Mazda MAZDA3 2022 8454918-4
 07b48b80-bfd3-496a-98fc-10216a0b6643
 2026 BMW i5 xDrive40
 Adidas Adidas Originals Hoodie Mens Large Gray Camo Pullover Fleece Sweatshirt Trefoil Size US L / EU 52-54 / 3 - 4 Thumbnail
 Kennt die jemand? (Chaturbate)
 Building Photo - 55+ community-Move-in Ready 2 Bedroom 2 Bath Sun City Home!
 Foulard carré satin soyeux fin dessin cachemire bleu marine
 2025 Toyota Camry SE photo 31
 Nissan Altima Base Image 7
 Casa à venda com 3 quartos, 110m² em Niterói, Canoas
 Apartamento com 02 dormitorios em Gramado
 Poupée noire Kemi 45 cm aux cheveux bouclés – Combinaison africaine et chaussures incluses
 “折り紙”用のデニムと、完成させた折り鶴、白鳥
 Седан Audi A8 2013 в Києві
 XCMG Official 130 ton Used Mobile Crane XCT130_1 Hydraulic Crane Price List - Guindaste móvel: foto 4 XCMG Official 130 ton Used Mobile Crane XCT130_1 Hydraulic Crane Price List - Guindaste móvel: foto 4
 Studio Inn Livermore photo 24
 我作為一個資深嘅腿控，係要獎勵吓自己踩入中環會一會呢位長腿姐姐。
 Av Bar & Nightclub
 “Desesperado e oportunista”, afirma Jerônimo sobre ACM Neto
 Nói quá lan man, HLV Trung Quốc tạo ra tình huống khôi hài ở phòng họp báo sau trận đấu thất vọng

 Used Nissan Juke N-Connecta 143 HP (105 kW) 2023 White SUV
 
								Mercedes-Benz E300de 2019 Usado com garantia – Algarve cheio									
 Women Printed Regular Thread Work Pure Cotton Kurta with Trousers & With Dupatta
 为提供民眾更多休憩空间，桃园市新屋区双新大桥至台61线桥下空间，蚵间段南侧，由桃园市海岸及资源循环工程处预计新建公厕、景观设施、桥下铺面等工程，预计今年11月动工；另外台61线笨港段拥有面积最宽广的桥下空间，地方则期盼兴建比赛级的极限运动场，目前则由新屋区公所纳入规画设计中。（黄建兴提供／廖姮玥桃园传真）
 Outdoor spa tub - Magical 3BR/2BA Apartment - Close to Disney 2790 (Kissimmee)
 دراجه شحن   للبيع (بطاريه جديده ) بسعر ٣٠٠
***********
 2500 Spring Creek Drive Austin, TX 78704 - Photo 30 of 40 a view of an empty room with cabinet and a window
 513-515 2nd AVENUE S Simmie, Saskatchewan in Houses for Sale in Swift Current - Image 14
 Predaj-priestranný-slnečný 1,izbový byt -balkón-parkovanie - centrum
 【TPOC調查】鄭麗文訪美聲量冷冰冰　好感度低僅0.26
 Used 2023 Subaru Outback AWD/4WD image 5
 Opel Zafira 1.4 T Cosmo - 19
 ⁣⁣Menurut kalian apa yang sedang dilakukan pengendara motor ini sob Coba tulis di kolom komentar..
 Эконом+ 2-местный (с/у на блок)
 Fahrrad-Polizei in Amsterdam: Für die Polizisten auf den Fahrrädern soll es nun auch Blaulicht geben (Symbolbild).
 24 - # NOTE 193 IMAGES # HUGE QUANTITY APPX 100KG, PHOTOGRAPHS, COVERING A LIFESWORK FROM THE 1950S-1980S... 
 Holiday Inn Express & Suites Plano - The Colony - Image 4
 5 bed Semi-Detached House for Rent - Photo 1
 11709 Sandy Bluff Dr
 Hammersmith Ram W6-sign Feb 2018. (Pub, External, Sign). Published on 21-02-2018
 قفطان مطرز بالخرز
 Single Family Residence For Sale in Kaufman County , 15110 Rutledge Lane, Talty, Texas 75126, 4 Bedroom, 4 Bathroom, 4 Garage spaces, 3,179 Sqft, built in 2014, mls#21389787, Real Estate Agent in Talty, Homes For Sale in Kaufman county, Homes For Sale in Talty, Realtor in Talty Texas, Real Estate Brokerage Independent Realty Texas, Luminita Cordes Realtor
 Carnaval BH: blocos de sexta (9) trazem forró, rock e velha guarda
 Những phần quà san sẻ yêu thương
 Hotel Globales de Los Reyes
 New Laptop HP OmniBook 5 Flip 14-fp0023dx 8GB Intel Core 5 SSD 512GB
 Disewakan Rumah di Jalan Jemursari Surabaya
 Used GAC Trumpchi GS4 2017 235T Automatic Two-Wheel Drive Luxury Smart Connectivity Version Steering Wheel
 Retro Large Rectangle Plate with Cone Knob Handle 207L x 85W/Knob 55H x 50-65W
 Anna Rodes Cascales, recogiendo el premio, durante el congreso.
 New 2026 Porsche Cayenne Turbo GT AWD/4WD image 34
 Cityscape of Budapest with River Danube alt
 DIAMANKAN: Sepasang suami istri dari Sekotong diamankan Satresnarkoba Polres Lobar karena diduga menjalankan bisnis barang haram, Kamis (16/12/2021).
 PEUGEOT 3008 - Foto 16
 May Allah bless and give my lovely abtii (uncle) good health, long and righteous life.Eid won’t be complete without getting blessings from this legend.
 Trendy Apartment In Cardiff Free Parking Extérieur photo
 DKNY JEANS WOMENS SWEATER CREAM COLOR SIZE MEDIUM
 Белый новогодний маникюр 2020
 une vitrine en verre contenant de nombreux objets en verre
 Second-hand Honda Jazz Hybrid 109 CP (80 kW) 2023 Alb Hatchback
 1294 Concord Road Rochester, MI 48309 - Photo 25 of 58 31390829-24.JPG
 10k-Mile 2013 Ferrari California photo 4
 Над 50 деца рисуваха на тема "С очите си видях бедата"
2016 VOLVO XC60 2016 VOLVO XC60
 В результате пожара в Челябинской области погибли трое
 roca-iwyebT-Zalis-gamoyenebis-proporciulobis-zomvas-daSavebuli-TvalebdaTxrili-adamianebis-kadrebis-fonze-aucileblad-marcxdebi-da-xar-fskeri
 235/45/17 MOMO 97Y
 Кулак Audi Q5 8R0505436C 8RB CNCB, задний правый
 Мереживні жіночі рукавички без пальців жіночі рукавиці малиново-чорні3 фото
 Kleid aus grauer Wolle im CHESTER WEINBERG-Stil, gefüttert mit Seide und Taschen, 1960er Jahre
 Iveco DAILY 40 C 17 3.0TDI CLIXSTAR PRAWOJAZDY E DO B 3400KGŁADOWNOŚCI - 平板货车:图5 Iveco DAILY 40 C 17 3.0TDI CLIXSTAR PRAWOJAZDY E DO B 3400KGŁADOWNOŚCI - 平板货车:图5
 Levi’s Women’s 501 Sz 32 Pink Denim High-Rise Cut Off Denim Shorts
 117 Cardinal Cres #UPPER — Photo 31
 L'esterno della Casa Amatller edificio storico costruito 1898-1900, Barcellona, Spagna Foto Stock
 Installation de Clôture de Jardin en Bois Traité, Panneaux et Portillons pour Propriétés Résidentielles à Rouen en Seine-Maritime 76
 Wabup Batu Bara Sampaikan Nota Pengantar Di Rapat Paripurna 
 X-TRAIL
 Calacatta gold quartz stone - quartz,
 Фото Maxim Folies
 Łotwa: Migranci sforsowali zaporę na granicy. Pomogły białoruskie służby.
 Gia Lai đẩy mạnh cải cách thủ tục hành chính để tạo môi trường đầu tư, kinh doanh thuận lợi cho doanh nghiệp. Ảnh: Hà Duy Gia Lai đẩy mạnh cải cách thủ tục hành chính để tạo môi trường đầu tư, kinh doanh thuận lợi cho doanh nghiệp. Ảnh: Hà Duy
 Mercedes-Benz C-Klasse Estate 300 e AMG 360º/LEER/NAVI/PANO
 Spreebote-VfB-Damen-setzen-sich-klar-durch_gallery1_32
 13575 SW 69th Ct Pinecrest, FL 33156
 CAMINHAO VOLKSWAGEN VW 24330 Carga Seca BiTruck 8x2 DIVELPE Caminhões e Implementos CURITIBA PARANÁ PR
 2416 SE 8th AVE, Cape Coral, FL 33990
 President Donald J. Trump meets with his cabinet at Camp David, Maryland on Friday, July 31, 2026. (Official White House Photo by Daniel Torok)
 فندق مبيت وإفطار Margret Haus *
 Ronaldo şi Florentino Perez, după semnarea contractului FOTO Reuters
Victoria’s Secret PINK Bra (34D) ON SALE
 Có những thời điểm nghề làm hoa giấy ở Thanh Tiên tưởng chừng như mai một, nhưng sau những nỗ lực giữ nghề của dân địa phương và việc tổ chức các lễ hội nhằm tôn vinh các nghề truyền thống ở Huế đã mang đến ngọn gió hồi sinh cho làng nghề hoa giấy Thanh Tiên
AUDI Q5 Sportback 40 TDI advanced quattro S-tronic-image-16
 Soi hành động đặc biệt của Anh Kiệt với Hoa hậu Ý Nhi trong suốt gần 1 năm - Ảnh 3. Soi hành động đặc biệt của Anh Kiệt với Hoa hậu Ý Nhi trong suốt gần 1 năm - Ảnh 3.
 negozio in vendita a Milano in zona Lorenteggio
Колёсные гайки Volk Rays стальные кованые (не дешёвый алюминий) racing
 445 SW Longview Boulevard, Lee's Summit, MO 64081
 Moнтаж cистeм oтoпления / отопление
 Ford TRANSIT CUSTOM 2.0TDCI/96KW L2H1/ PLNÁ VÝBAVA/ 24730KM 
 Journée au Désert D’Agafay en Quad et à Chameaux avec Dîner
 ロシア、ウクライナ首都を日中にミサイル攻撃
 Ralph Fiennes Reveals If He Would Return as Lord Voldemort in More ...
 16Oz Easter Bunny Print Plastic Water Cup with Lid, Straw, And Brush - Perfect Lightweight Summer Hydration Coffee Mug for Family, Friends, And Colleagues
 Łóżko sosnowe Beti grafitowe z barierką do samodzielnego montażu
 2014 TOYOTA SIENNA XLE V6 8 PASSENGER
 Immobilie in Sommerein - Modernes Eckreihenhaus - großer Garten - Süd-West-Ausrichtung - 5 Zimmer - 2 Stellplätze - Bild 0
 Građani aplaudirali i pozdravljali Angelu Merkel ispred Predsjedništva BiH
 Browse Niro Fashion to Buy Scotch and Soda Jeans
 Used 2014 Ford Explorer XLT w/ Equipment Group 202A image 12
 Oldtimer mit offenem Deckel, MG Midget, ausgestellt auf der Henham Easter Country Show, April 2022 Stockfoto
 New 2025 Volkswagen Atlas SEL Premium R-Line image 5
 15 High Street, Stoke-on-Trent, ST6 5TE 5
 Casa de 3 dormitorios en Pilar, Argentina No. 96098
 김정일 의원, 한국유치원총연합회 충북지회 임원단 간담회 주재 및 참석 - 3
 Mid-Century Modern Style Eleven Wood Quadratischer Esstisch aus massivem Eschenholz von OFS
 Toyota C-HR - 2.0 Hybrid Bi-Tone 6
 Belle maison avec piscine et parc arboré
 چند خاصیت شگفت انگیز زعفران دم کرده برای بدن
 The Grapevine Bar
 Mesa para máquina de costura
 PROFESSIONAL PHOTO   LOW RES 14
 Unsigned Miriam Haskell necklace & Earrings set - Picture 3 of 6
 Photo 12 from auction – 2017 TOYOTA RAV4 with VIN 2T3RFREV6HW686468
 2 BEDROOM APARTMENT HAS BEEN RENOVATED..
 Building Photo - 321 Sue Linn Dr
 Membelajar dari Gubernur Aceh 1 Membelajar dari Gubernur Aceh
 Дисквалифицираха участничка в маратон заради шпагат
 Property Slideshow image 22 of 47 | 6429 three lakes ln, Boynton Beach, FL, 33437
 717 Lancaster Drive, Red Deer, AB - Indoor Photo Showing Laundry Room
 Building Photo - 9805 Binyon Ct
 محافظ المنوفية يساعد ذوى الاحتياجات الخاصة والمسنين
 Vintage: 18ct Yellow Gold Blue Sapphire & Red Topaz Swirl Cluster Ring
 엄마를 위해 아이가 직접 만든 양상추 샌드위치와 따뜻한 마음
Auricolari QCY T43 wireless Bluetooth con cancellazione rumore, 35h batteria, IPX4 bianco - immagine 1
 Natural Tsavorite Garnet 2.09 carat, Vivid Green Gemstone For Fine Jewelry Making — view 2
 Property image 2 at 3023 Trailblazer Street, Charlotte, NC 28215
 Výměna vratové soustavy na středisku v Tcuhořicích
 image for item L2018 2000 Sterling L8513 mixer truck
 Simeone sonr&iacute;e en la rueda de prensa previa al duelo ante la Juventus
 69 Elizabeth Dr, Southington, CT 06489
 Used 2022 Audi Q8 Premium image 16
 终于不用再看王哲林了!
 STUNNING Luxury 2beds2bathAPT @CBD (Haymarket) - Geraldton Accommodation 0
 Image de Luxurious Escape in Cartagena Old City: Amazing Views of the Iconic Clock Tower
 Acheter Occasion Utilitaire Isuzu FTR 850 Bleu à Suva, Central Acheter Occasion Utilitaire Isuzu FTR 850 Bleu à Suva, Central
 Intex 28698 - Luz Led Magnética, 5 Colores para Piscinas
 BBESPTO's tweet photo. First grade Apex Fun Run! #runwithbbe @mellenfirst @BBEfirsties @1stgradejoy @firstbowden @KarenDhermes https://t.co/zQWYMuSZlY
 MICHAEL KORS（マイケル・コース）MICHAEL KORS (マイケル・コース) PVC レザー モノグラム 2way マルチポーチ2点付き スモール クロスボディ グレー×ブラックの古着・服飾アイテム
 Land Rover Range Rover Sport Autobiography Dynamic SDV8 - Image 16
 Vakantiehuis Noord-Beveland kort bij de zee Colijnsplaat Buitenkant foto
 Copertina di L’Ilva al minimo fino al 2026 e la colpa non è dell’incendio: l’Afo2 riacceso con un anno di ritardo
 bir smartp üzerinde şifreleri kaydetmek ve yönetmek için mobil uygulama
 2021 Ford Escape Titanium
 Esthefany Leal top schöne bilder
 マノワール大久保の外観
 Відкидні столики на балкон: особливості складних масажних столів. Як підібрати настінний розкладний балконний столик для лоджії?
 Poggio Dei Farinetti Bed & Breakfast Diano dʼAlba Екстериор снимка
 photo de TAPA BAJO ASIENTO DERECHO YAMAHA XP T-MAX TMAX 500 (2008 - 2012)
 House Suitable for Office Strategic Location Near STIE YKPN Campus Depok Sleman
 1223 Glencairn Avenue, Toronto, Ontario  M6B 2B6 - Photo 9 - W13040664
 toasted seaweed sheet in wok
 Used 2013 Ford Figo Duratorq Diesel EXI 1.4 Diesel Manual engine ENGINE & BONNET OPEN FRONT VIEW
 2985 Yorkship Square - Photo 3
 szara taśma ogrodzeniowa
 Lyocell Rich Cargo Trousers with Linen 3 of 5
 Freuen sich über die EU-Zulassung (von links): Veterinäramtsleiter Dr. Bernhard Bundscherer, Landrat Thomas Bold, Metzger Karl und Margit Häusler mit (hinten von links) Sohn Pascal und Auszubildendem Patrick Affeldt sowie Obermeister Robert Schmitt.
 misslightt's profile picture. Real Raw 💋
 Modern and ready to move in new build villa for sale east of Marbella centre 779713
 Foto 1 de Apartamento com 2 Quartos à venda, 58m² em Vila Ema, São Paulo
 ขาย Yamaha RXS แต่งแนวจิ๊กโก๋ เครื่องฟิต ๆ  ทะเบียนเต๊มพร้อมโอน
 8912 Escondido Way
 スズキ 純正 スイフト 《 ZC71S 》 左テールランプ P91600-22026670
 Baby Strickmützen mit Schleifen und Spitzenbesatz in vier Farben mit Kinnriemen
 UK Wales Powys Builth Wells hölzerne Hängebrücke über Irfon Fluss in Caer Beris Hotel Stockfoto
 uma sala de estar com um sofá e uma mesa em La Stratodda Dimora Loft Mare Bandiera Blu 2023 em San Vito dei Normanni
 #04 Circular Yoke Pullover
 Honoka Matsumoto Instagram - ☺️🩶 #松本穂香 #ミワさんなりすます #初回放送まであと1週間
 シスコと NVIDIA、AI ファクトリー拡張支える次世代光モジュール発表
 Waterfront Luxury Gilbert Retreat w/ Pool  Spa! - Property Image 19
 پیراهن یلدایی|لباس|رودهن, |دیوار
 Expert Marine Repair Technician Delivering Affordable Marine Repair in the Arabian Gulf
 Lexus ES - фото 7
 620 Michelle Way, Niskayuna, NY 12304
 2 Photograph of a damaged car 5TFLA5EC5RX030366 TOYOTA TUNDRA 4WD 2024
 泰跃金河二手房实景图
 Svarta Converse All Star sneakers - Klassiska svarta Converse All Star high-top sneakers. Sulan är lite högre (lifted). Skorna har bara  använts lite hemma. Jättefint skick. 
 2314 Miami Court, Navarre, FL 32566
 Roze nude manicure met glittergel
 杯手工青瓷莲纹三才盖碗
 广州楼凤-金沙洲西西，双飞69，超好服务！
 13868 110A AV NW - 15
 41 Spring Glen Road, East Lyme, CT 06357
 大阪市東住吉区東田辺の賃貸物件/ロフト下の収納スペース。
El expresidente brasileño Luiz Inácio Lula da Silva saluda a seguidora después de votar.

• Problem statement: One stretch of the lines above is wanted, from the line that contains "szara taśma ogrodzeniowa" through the line that contains "8912 Escondido Way". Output it exactly.

• Response box:
 szara taśma ogrodzeniowa
 Lyocell Rich Cargo Trousers with Linen 3 of 5
 Freuen sich über die EU-Zulassung (von links): Veterinäramtsleiter Dr. Bernhard Bundscherer, Landrat Thomas Bold, Metzger Karl und Margit Häusler mit (hinten von links) Sohn Pascal und Auszubildendem Patrick Affeldt sowie Obermeister Robert Schmitt.
 misslightt's profile picture. Real Raw 💋
 Modern and ready to move in new build villa for sale east of Marbella centre 779713
 Foto 1 de Apartamento com 2 Quartos à venda, 58m² em Vila Ema, São Paulo
 ขาย Yamaha RXS แต่งแนวจิ๊กโก๋ เครื่องฟิต ๆ  ทะเบียนเต๊มพร้อมโอน
 8912 Escondido Way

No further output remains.